* [HOW TO COMPLETE THIS TASK]
Images are not part of the copy; write out the rest of the data exactly as given.

* [RECORDS SHOWN]

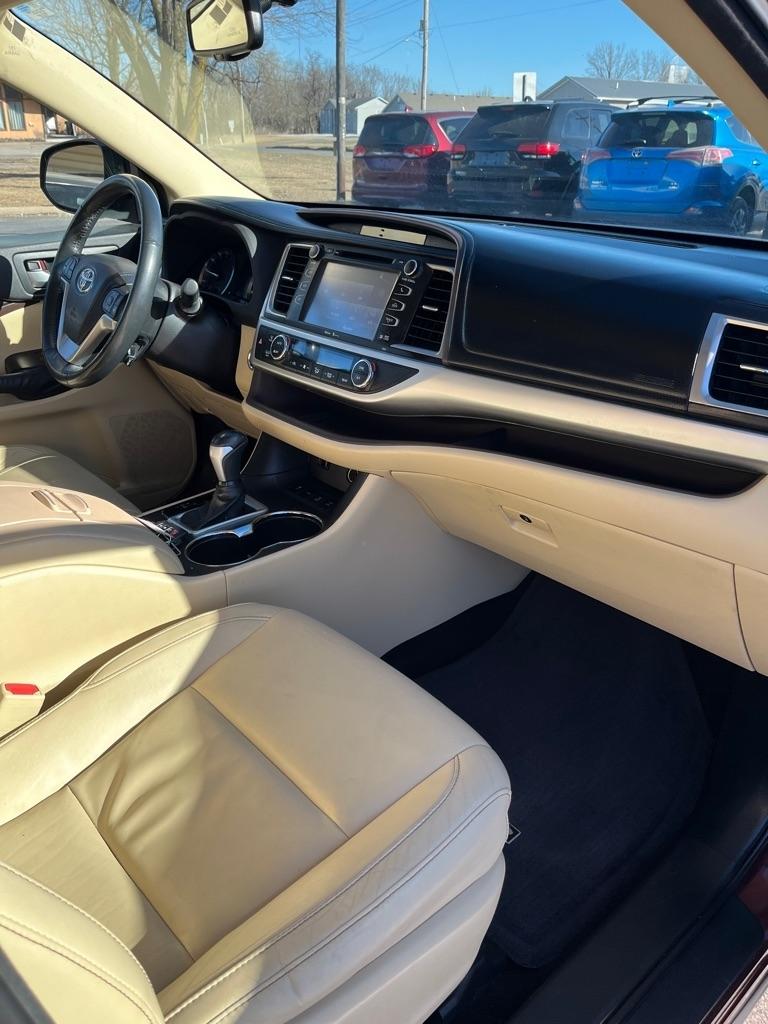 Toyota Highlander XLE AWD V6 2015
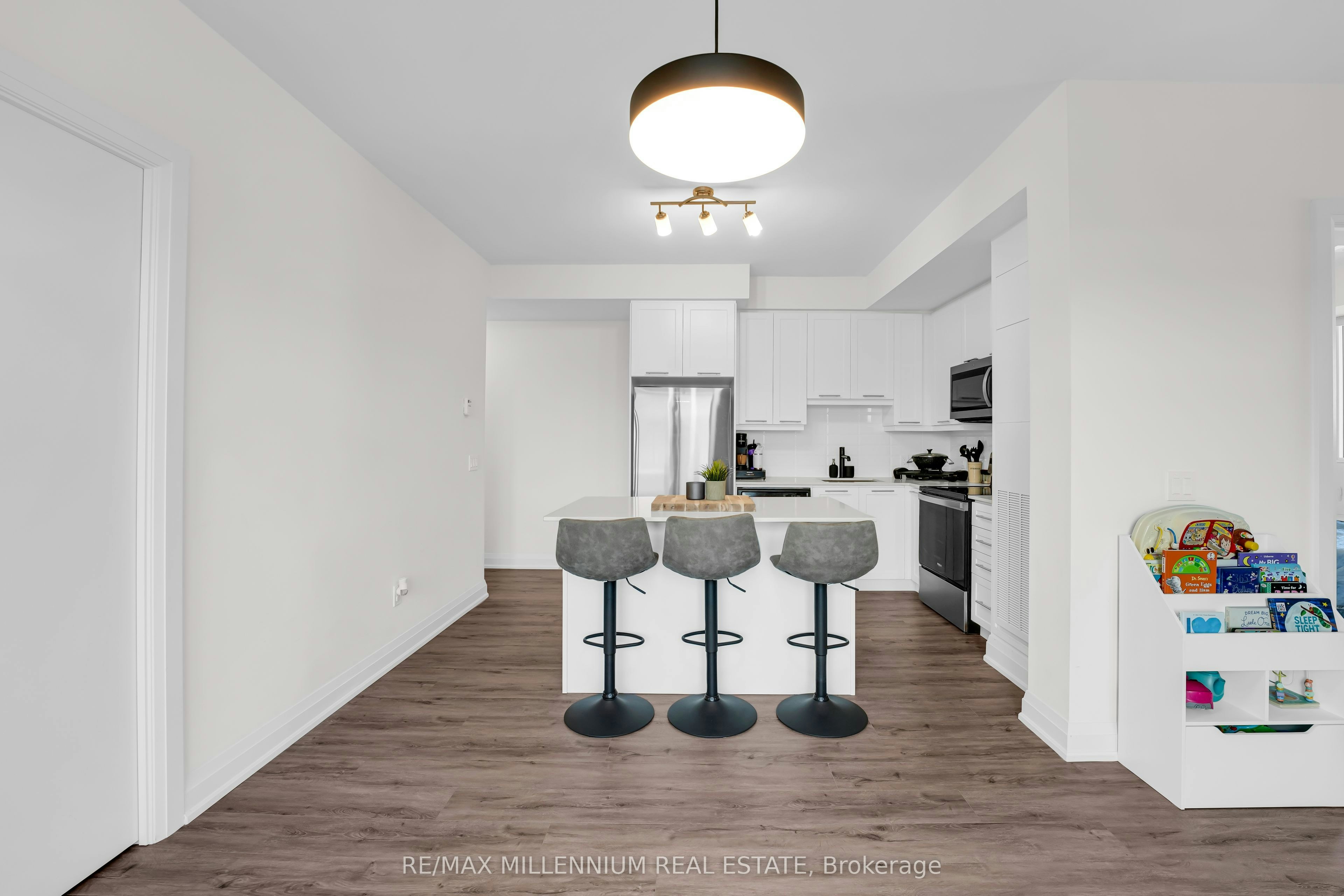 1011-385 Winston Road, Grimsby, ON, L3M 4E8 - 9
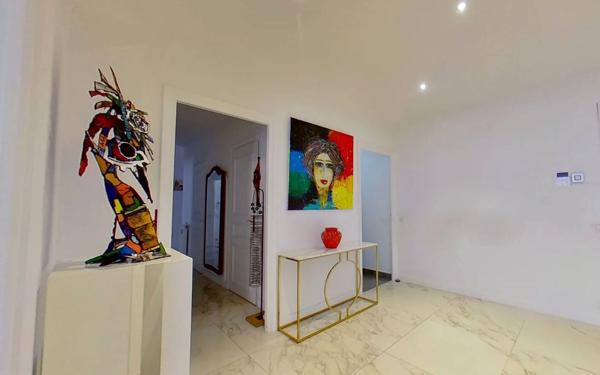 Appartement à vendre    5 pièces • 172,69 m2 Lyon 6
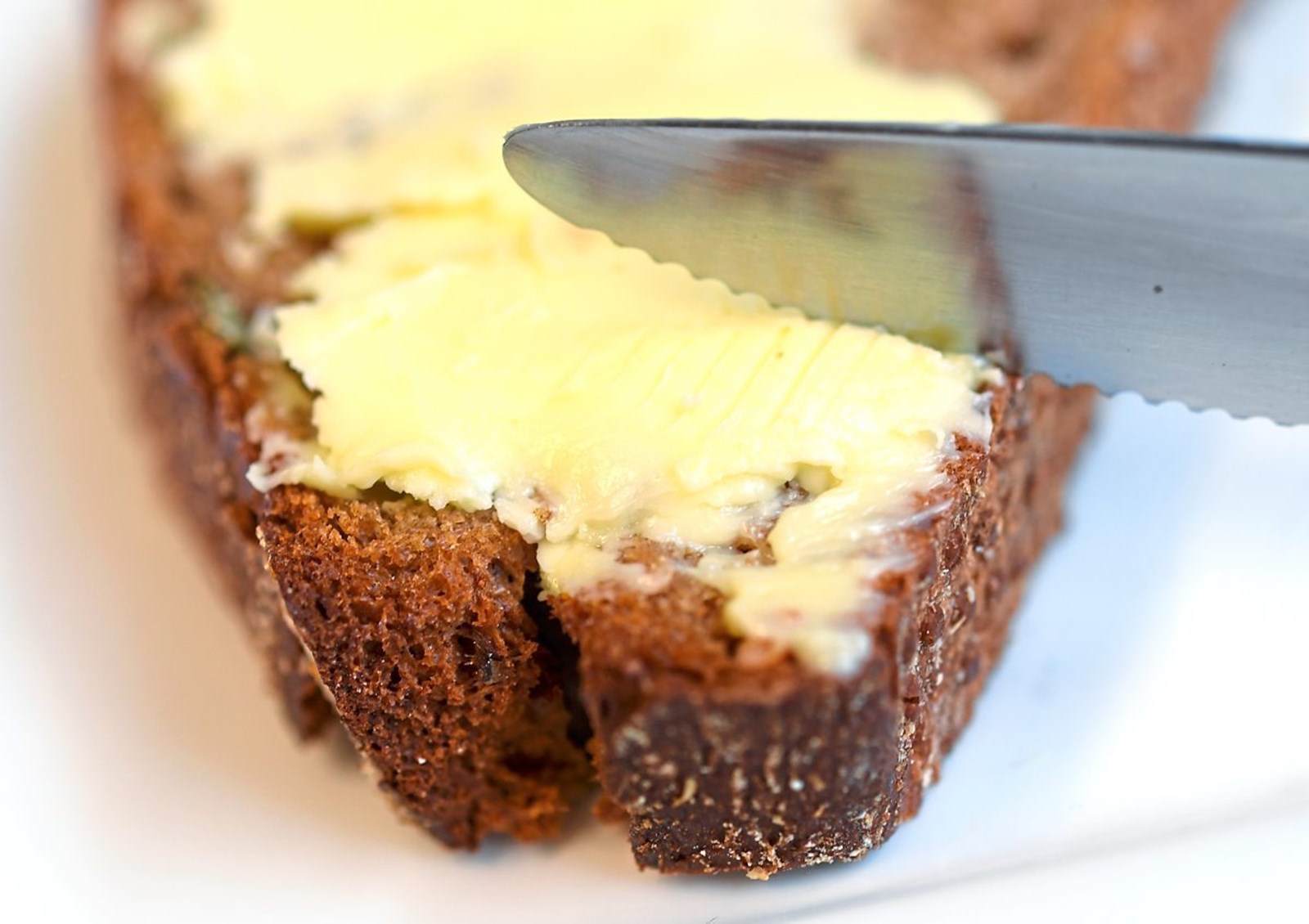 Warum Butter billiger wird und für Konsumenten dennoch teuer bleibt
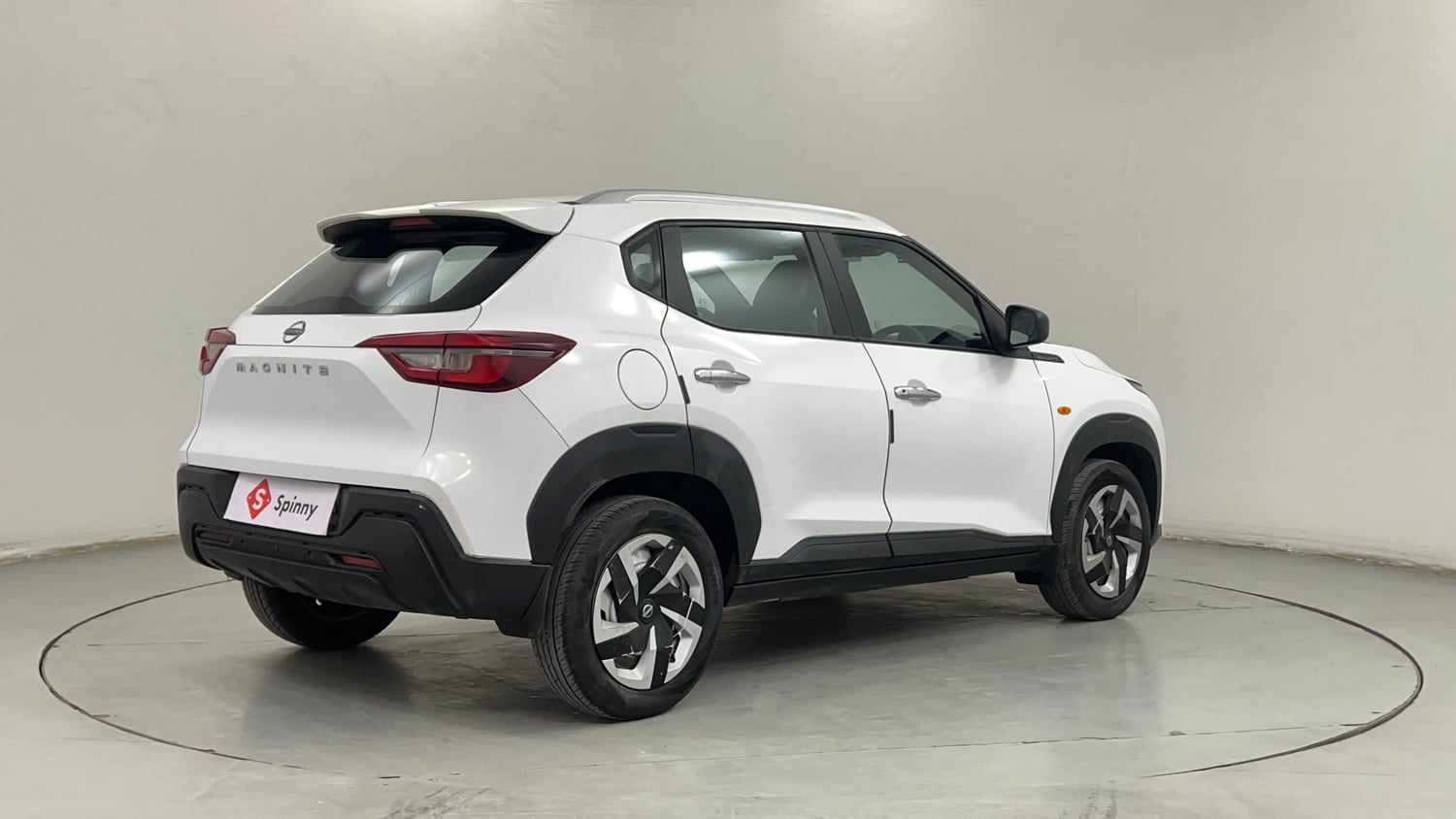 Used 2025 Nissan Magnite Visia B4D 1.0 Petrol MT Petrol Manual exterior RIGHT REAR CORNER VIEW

* [REPLY TO THE TASK]
 Toyota Highlander XLE AWD V6 2015
 1011-385 Winston Road, Grimsby, ON, L3M 4E8 - 9
 Appartement à vendre    5 pièces • 172,69 m2 Lyon 6
 Warum Butter billiger wird und für Konsumenten dennoch teuer bleibt
 Used 2025 Nissan Magnite Visia B4D 1.0 Petrol MT Petrol Manual exterior RIGHT REAR CORNER VIEW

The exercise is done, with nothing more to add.